Reproduce the closing part of the entries exactly: the line with "Vintage July 24, 1978" and all lines after it, ending with the last line, and nothing else.

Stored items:
***
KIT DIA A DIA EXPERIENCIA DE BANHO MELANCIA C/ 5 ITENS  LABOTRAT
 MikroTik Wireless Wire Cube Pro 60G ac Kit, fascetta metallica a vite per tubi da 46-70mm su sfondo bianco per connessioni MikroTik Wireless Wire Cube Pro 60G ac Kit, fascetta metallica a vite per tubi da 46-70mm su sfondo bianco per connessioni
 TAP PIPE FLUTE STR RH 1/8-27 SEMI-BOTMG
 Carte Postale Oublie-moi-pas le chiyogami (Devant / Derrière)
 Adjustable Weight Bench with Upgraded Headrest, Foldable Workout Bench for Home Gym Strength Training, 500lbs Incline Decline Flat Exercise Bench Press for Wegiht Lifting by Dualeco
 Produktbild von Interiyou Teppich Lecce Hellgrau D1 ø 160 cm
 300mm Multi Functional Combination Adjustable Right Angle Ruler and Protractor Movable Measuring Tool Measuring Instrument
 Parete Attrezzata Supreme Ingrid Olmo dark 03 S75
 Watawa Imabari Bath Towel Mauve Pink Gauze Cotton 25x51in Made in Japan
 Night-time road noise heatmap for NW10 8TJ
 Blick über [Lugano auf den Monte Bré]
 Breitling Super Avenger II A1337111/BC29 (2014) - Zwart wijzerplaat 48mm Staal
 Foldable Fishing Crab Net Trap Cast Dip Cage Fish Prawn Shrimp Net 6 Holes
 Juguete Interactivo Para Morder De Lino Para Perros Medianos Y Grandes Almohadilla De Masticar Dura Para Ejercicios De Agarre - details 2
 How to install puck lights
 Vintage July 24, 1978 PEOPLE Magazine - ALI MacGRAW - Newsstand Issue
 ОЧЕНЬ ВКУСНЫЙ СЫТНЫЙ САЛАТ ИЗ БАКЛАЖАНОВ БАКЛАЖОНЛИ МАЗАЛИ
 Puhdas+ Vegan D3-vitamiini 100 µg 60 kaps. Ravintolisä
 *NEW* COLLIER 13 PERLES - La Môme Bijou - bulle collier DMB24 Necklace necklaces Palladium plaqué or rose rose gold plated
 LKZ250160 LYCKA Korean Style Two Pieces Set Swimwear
***
**Response**
 Vintage July 24, 1978 PEOPLE Magazine - ALI MacGRAW - Newsstand Issue
 ОЧЕНЬ ВКУСНЫЙ СЫТНЫЙ САЛАТ ИЗ БАКЛАЖАНОВ БАКЛАЖОНЛИ МАЗАЛИ
 Puhdas+ Vegan D3-vitamiini 100 µg 60 kaps. Ravintolisä
 *NEW* COLLIER 13 PERLES - La Môme Bijou - bulle collier DMB24 Necklace necklaces Palladium plaqué or rose rose gold plated
 LKZ250160 LYCKA Korean Style Two Pieces Set Swimwear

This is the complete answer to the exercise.